Stage right, the atonal, sub-atomic, uniquely genius noizes of Nick Zinner try to steal the show. The attention wrestling match is repeatedly won by the woman no-one can take their eyes off. From the outset, seemingly nothing in the universe will obscure the twirling, sometimes face shrouded, bom-bom-bom-BAH-BAH dum-num-nu-num-nooming spectacle that is Karen O. At times, as bedroom anthem follows headphones favourite which begets indie-club hit, it's the songs that distract from our post-anti hero poster girl. Songs, proper songs, songs you can scream along to like 'Pin' or sweetly coo-to like 'Gold Lion'. Songs like 'Zero', that the mere mention of the title has you humming the 'yeh-er ah zerrr-oh' hook.
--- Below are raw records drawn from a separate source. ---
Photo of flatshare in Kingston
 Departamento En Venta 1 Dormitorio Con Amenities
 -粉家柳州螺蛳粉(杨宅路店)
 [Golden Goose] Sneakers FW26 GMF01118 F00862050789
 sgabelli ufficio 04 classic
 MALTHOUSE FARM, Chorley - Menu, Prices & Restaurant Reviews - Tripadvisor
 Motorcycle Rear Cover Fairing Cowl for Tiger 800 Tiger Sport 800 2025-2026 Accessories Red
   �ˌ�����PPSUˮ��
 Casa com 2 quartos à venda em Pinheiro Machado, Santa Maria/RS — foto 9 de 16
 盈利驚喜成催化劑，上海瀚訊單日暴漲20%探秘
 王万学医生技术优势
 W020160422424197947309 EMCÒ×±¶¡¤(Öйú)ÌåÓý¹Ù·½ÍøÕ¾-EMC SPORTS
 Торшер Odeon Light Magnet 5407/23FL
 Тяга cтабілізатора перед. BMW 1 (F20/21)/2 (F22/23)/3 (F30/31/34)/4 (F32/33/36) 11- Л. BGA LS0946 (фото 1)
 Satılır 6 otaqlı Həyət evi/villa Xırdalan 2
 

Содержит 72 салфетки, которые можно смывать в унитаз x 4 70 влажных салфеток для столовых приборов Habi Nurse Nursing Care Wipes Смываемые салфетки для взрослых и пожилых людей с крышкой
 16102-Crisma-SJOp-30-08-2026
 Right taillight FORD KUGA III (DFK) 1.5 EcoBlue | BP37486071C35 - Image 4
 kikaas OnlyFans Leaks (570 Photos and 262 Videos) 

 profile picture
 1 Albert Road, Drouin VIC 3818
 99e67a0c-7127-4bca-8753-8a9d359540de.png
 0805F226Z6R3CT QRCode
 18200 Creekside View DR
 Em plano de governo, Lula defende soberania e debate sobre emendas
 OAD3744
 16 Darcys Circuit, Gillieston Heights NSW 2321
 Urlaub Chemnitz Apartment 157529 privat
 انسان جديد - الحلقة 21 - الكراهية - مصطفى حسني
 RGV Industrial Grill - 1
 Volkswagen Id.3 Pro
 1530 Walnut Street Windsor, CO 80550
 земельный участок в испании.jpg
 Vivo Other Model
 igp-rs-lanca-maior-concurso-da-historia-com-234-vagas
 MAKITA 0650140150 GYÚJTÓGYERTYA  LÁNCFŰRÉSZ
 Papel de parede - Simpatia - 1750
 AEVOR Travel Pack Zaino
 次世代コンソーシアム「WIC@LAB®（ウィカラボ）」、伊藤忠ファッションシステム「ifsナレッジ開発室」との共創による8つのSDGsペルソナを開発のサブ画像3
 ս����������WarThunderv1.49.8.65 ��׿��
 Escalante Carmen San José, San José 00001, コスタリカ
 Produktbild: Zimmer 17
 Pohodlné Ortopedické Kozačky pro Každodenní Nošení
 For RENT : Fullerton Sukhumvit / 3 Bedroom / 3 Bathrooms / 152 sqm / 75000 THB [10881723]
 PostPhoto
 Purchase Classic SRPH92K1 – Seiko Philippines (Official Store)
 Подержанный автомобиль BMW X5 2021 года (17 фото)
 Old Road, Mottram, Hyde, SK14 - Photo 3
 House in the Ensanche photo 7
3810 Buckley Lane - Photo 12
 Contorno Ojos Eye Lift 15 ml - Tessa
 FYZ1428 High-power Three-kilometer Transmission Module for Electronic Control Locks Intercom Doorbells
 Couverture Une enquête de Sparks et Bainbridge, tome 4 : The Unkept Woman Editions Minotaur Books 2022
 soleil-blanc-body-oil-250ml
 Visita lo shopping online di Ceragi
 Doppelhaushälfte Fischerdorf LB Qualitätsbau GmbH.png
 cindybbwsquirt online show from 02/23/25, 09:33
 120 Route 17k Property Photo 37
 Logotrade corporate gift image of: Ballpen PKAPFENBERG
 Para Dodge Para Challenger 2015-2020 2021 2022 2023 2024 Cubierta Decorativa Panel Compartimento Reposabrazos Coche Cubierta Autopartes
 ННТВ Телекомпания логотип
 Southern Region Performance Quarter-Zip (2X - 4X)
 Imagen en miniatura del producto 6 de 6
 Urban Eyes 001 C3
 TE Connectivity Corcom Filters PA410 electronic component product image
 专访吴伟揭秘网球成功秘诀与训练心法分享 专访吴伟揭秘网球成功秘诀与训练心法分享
When Karen sings "I'm bigger than the sound" ('Cheated Hearts') there's a self-aware smirk before she sways and spins, beaming with childish joy and art-cool. See her for what you want her to be: the reassembled dismembered goth, a fashion nerd, Chrissie Hynde from behind and no-one but Karen O in silhouette; bouncing, punching, tumbling... Every iconic yet contrary motion seems as knowing as it does natural and that's what makes her a true star. It's that conflicting mixture of 'is she in control or bonkers?', totally losing her shit before our eyes - that's what sucks us in. The idea she could be one of us punkedly stepping up on stage conflicts with the fact she's something so far removed from anything we could ever be. Yet, pin her down and she'll shape shift, yelling "BRIIXXXXTONN!!!!" or trip over a monitor. That's tripping, alighting the stage, having paraded her way slowly through the photo pit throwing the mic in the front row's faces as they, one by one, sing the 'huh-ooohee woo-ooh-ooh' of 'Cheated Hearts', which of course, results in tingles a-go-go.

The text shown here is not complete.